+++ Supplied entries
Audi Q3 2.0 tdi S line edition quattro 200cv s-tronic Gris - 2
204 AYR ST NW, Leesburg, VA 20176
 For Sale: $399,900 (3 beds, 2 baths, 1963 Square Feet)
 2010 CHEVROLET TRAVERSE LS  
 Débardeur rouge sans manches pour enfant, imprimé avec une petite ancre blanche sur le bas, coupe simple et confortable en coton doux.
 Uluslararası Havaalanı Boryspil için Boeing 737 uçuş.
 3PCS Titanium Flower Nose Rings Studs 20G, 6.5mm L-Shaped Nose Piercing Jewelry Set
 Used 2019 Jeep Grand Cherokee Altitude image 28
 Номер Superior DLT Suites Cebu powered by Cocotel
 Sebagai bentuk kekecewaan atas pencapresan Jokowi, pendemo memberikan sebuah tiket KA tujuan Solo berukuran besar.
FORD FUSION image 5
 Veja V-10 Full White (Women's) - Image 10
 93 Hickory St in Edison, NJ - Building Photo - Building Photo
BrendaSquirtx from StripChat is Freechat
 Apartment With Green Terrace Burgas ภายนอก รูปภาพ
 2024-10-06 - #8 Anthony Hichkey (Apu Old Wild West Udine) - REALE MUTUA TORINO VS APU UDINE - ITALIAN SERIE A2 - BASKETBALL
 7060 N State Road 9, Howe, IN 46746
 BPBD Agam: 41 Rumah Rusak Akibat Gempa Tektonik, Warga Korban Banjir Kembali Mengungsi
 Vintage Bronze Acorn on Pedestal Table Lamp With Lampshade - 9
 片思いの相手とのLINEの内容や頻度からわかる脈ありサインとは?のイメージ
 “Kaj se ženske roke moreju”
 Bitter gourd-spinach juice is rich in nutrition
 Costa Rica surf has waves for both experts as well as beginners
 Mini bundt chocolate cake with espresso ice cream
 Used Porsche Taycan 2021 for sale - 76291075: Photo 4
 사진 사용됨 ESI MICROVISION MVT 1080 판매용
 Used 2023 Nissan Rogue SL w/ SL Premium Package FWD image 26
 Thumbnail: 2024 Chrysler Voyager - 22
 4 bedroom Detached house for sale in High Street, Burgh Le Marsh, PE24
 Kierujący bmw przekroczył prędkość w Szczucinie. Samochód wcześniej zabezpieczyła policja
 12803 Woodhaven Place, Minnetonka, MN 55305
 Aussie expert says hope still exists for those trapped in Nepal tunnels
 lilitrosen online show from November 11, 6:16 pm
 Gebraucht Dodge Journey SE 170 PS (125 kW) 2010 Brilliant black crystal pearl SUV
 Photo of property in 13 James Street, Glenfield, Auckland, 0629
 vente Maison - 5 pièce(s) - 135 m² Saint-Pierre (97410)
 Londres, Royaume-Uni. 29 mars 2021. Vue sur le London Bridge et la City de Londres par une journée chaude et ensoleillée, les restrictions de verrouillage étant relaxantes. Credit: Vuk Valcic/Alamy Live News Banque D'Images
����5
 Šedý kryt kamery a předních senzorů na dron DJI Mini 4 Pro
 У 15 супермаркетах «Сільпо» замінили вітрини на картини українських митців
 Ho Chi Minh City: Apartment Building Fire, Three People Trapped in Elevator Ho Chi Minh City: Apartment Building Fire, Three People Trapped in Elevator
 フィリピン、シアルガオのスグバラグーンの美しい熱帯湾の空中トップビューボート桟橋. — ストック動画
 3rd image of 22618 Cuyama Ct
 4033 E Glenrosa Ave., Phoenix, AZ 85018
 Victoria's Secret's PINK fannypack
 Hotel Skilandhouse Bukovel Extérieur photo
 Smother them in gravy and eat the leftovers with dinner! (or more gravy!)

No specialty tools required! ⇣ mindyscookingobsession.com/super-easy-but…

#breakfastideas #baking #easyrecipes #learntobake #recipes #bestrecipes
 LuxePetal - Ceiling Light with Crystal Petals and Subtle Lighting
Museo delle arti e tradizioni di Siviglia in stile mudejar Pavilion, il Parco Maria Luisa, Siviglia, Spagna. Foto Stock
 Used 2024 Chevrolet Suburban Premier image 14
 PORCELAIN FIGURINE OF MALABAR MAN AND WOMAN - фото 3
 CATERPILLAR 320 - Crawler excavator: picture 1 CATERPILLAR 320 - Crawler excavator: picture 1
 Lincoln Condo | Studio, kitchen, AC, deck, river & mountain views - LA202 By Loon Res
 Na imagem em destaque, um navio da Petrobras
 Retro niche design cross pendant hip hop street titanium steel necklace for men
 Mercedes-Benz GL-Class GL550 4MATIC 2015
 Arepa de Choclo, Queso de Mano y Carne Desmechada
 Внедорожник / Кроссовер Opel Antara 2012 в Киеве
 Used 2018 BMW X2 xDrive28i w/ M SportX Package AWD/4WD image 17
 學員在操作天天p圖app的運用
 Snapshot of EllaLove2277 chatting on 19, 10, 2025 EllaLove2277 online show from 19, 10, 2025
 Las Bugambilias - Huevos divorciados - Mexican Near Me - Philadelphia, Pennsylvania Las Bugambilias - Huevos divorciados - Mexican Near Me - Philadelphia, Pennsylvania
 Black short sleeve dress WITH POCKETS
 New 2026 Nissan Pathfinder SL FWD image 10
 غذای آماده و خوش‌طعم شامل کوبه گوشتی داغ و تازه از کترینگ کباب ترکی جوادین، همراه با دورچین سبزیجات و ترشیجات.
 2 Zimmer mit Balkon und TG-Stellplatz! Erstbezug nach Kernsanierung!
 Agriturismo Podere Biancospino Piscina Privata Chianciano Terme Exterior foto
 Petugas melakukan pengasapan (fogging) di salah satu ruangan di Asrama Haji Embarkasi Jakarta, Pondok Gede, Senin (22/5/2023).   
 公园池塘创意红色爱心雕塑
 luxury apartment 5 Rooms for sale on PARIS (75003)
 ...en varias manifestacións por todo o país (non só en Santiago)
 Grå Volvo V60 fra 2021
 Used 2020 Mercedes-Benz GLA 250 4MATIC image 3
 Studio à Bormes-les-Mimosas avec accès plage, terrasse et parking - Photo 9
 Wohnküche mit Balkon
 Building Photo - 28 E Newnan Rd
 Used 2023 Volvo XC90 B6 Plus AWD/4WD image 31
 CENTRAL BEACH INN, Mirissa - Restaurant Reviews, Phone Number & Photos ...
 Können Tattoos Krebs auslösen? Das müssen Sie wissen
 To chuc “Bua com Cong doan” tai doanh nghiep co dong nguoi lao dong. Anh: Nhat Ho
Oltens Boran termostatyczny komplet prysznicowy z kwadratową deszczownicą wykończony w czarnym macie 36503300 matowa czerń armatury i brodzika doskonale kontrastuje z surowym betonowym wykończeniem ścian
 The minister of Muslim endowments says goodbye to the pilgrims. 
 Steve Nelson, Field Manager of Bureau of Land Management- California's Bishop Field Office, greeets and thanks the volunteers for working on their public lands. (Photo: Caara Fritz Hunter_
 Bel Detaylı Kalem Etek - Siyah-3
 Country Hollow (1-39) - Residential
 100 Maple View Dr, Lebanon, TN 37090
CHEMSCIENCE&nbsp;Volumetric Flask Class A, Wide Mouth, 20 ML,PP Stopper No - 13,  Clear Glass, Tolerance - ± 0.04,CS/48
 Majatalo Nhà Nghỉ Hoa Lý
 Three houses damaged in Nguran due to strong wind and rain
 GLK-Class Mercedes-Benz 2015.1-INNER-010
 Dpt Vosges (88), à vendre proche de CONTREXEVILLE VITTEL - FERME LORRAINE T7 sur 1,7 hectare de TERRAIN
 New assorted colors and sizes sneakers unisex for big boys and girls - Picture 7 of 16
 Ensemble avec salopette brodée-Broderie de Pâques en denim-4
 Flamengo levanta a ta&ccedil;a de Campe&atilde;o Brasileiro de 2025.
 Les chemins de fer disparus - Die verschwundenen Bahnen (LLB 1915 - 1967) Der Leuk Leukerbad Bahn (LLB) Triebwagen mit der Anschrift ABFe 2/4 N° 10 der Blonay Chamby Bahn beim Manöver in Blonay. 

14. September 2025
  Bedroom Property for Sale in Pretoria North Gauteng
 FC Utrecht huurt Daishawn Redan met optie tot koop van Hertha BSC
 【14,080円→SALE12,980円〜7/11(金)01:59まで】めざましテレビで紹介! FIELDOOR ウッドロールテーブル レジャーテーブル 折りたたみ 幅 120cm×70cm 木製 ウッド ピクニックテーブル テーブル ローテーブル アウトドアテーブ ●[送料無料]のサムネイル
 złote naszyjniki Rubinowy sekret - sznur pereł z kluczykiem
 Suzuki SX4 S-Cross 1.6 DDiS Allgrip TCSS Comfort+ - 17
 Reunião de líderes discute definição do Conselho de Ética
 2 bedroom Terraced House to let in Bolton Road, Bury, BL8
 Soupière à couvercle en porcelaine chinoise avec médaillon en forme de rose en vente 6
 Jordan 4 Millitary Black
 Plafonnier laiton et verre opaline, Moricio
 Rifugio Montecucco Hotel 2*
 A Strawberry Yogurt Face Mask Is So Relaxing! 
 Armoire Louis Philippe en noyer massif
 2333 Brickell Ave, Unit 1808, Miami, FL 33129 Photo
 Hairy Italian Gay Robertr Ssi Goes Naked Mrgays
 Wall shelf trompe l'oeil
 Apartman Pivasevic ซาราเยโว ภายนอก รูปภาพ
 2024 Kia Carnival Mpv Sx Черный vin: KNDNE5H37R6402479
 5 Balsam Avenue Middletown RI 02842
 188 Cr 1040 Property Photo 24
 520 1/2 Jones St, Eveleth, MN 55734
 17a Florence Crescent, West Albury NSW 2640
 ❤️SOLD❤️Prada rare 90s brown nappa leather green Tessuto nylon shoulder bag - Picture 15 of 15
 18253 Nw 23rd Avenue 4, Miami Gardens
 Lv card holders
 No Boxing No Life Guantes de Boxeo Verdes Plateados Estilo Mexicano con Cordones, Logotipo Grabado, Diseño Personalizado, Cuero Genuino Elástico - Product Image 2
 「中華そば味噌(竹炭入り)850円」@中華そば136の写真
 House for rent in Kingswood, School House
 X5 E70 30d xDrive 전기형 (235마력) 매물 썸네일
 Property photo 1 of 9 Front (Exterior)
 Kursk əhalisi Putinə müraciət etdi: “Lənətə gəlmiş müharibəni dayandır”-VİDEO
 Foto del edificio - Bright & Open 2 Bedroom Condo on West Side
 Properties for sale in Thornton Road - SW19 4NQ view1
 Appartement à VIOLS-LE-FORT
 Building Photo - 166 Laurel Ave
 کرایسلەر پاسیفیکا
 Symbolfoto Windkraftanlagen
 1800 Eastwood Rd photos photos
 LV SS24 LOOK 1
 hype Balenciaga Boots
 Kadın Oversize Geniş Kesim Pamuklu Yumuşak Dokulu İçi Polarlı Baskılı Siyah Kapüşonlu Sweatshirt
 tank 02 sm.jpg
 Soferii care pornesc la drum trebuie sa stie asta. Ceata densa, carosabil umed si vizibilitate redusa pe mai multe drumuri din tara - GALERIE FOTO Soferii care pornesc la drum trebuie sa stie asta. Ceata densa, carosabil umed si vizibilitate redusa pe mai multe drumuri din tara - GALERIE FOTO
++++++
[Description of the task] Nothing should appear in the answer except the lines above from the line with "100 Maple View Dr, Lebanon, TN 37090" through the line with "Lv card holders", both included, written out exactly.

[Response to this task]
 100 Maple View Dr, Lebanon, TN 37090
CHEMSCIENCE&nbsp;Volumetric Flask Class A, Wide Mouth, 20 ML,PP Stopper No - 13,  Clear Glass, Tolerance - ± 0.04,CS/48
 Majatalo Nhà Nghỉ Hoa Lý
 Three houses damaged in Nguran due to strong wind and rain
 GLK-Class Mercedes-Benz 2015.1-INNER-010
 Dpt Vosges (88), à vendre proche de CONTREXEVILLE VITTEL - FERME LORRAINE T7 sur 1,7 hectare de TERRAIN
 New assorted colors and sizes sneakers unisex for big boys and girls - Picture 7 of 16
 Ensemble avec salopette brodée-Broderie de Pâques en denim-4
 Flamengo levanta a ta&ccedil;a de Campe&atilde;o Brasileiro de 2025.
 Les chemins de fer disparus - Die verschwundenen Bahnen (LLB 1915 - 1967) Der Leuk Leukerbad Bahn (LLB) Triebwagen mit der Anschrift ABFe 2/4 N° 10 der Blonay Chamby Bahn beim Manöver in Blonay. 

14. September 2025
  Bedroom Property for Sale in Pretoria North Gauteng
 FC Utrecht huurt Daishawn Redan met optie tot koop van Hertha BSC
 【14,080円→SALE12,980円〜7/11(金)01:59まで】めざましテレビで紹介! FIELDOOR ウッドロールテーブル レジャーテーブル 折りたたみ 幅 120cm×70cm 木製 ウッド ピクニックテーブル テーブル ローテーブル アウトドアテーブ ●[送料無料]のサムネイル
 złote naszyjniki Rubinowy sekret - sznur pereł z kluczykiem
 Suzuki SX4 S-Cross 1.6 DDiS Allgrip TCSS Comfort+ - 17
 Reunião de líderes discute definição do Conselho de Ética
 2 bedroom Terraced House to let in Bolton Road, Bury, BL8
 Soupière à couvercle en porcelaine chinoise avec médaillon en forme de rose en vente 6
 Jordan 4 Millitary Black
 Plafonnier laiton et verre opaline, Moricio
 Rifugio Montecucco Hotel 2*
 A Strawberry Yogurt Face Mask Is So Relaxing! 
 Armoire Louis Philippe en noyer massif
 2333 Brickell Ave, Unit 1808, Miami, FL 33129 Photo
 Hairy Italian Gay Robertr Ssi Goes Naked Mrgays
 Wall shelf trompe l'oeil
 Apartman Pivasevic ซาราเยโว ภายนอก รูปภาพ
 2024 Kia Carnival Mpv Sx Черный vin: KNDNE5H37R6402479
 5 Balsam Avenue Middletown RI 02842
 188 Cr 1040 Property Photo 24
 520 1/2 Jones St, Eveleth, MN 55734
 17a Florence Crescent, West Albury NSW 2640
 ❤️SOLD❤️Prada rare 90s brown nappa leather green Tessuto nylon shoulder bag - Picture 15 of 15
 18253 Nw 23rd Avenue 4, Miami Gardens
 Lv card holders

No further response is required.